The Excalibur Micro Suppressor is a very compact recurve crossbow. Specs include an uncocked width of 25 inches, cocked width of 21 inches, length of 31 inches, power stroke of 10.2 inches, draw weight of 280 pounds and speeds up to 355 fps. The package includes three 16.5-inch bolts, quiver, and Tact-Zone illuminated scope with 30mm rings, ambidextrous cheekpiece and rope cocking aid. Retail price for this package is $1,299.
Fit and finish on the Micro Suppressor is excellent. The Realtree Xtra camo pattern on my test bow is pristine. There is some visible wear where you attach the rope cocking aid, but that is understandable. The rest of the bow looks pretty much brand new. The string is showing no wear and the serving is only beginning to show even minimal signs of use.
I've found this to be a comfortable bow to hold and shoot. I particularly like the rubberized material on the foregrip. The main grip itself is maybe a bit narrow for my liking and the trigger itself seems a hair closer than I'd prefer. The trigger is also quite flat with teeth or ribs cut out. I prefer a more curved trigger design, but that is all personal preference.
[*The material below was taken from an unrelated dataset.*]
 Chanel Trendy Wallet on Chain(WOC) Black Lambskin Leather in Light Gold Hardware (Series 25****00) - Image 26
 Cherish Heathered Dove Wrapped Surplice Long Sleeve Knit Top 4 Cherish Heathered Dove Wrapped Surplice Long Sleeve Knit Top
The TactZone scope seems quite nice for a package bow. It is adjustable for speed, so if you want to use a heavier or lighter bolt, you can adjust the scope to work for you.
When it comes to drawing the bow, the Micro Suppressor requires some effort. This bow has a 280-pound draw weight and you can feel it. The good news is that the power stroke is only 10.2 inches, so you don't have to pull it back very far. I like to shoot a lot when I go to the range and after 30 or 40 draws I can start to feel it. It's good incentive to get my skinny butt to the gym once in a while.
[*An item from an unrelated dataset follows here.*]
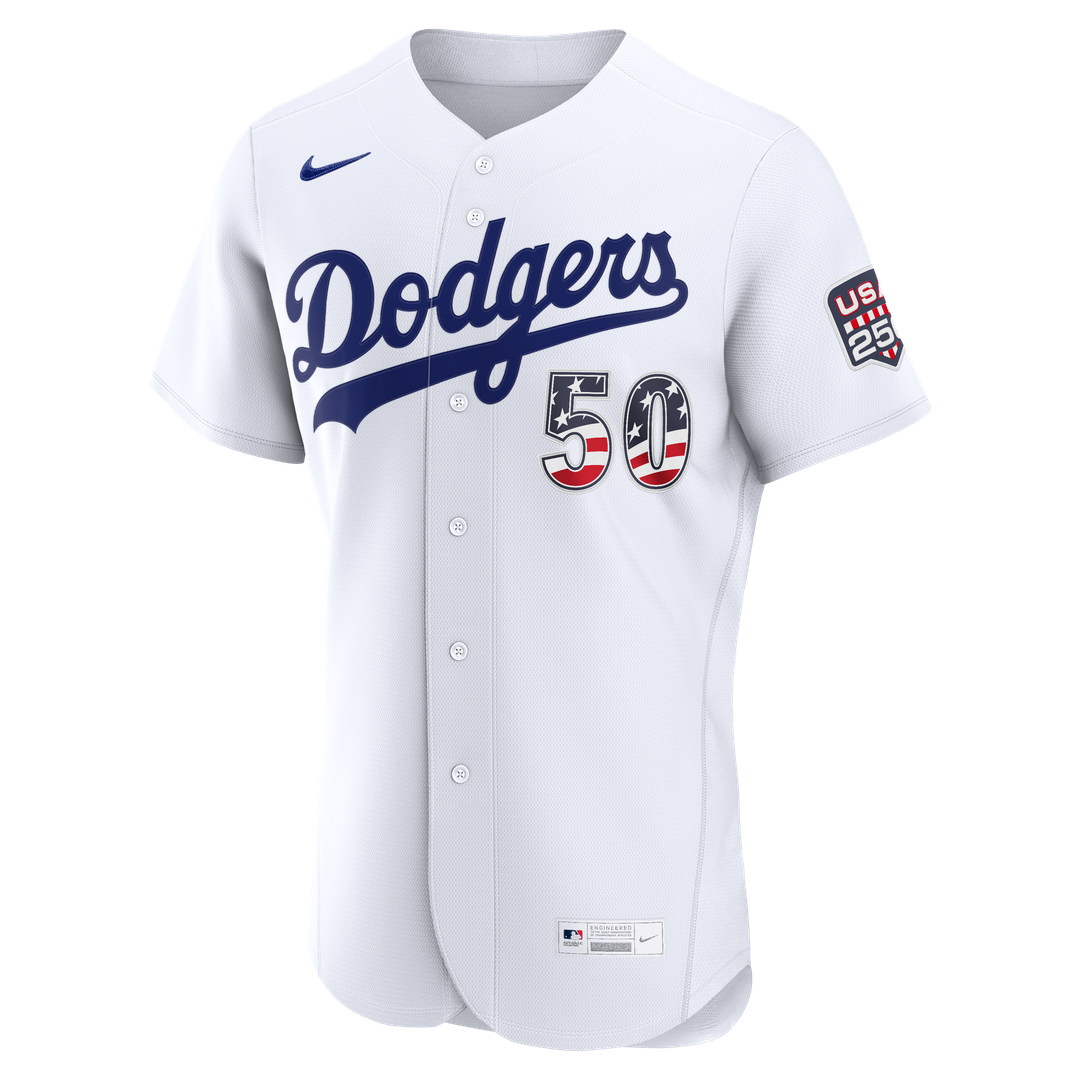 Fourth of July Los Angeles Dodgers Mookie Betts White USA 250 Jersey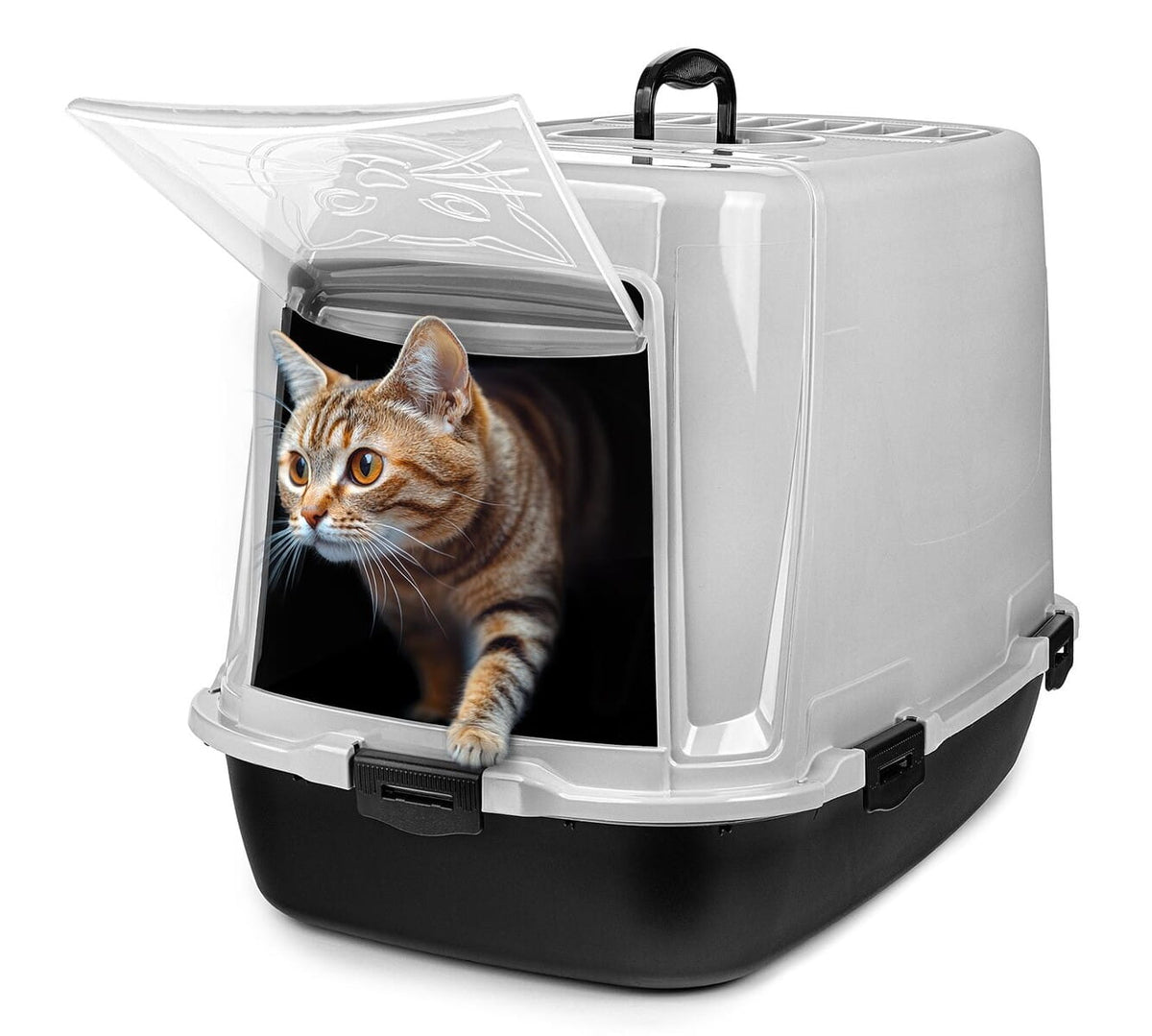 LITTER BOX INDOOR CAT TOILET ADVENCE GREY-BLACK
While I don't feel entirely comfortable shooting a crossbow while standing, the Micro Suppressor feels better to me than the few crossbows I've spent time with in this position. Keep my inexperience in mind, but the bow feels really well balanced to me.
But it was during longer range shooting when the Micro Suppressor really stood out to me. While I'm far from an expert marksman, the bow had no trouble shooting baseball-sized groups for me at 50 yards and on a few occasions I was able to stack them right up against each other – even ruining one of my three bolts in the process. I'm hoping Excalibur doesn't notice the missing bolt when I return it.
This bow is equipped with the Guardian Anti-Dry Fire System and I'm a bit embarrassed to admit that I can report that it works just fine. After years of shooting compound bows, I'm just used to shooting after drawing a bow. It took me a little time to get used to the fact that crossbows are different.
One thing I don't like is that the safety doesn't come on automatically when you draw the bow back. It's not had to flick the switch to safe, but I would prefer an automatic safety.
And though I haven't needed to let down, it is nice to know you can do that with the Excalibur Micro Suppressor. You do it by hooking up the cocking rope and pulling all the way up with your strong hand. Then you move the safety to fire and push the anti-dry fire deactivation handle and squeeze the trigger at the same time, then let down gently. It's a bit awkward, but definitely a nice to have feature.
After a couple months with the Excalibur Micro Suppressor I am pretty impressed. This bow seems practically bulletproof and Excalibur backs it up with a limited lifetime warranty.
Editor's Note: In the video we refer to the quiver being made by Tight Spot. We have since learned that Tight Spot did not make the quiver for this crossbow. We apologize for any confusion.